Der Strand ist der Küstenstreifen, der sich oberhalb der Niedrigwasserlinie befindet und hauptsächlich aus Sand oder Kies besteht. Er wird in der Regel nicht regelmäßig überflutet. Das Watt hingegen ist der Bereich, der regelmäßig von den Gezeiten überflutet und trockengelegt wird und oft schlickig oder sandig ist. Der Strand ist also eher ein dauerhaft trockener Bereich, während das Watt ein dynamischer Lebensraum zwischen Land und Meer ist.

Wo befindet sich das Wattenmeer?

Das größte zusammenhängende Wattenmeer der Welt liegt an der Nordseeküste und erstreckt sich von den Niederlanden über Deutschland bis nach Dänemark. Es gibt aber auch kleinere Wattenmeergebiete in anderen Teilen der Welt, oft in Verbindung mit Flussmündungen.

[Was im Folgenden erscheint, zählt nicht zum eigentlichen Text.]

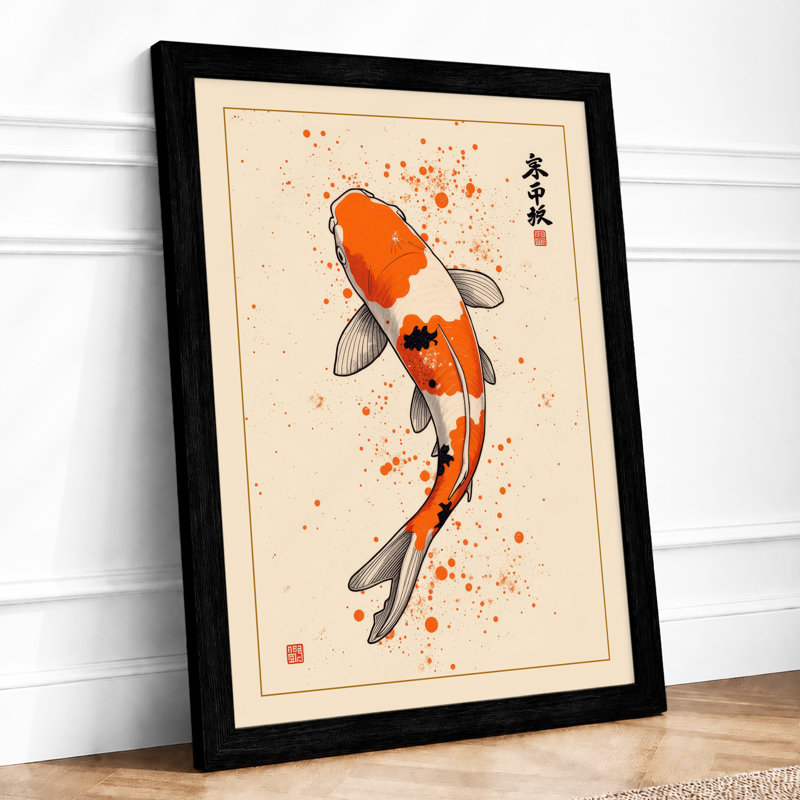 Koi In Motion Japandi - Print, Black, A3 - 42.0 x 29.7 cm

Kann man im Wattenmeer baden?

Das Baden im Wattenmeer ist möglich, aber es gibt einige Dinge zu beachten. Das Wasser ist oft kühl und durch den Schlick kann der Untergrund rutschig sein. Es ist ratsam, nur an ausgewiesenen Stellen zu baden und sich über die Gezeiten zu informieren, um nicht von der Flut überrascht zu werden. Viele Menschen bevorzugen es, im Wattenmeer zu wandern statt zu baden, um die einzigartige Natur hautnah zu erleben.

Welche Tiere leben im Wattenmeer?

Das Wattenmeer beherbergt eine enorme Artenvielfalt. Zu den typischen Bewohnern gehören Wattwürmer, Muscheln, Schnecken, Krebse, Fische und zahlreiche Vogelarten. Besonders bekannt sind die Zugvögel, die das Wattenmeer als wichtigen Rastplatz nutzen. Auch Seehunde und Kegelrobben sind im Wattenmeer heimisch.

Warum ist das Wattenmeer ein UNESCO-Weltnaturerbe?

Das Wattenmeer wurde zum UNESCO-Weltnaturerbe ernannt, weil es ein einzigartiges und bedeutendes Ökosystem von globaler Bedeutung ist. Es ist das größte zusammenhängende Wattgebiet der Welt, beherbergt eine außergewöhnliche Artenvielfalt und ist ein wichtiger Rastplatz für Zugvögel. Die UNESCO würdigt damit die herausragende Naturlandschaft und die dynamischen Prozesse des Wattenmeeres.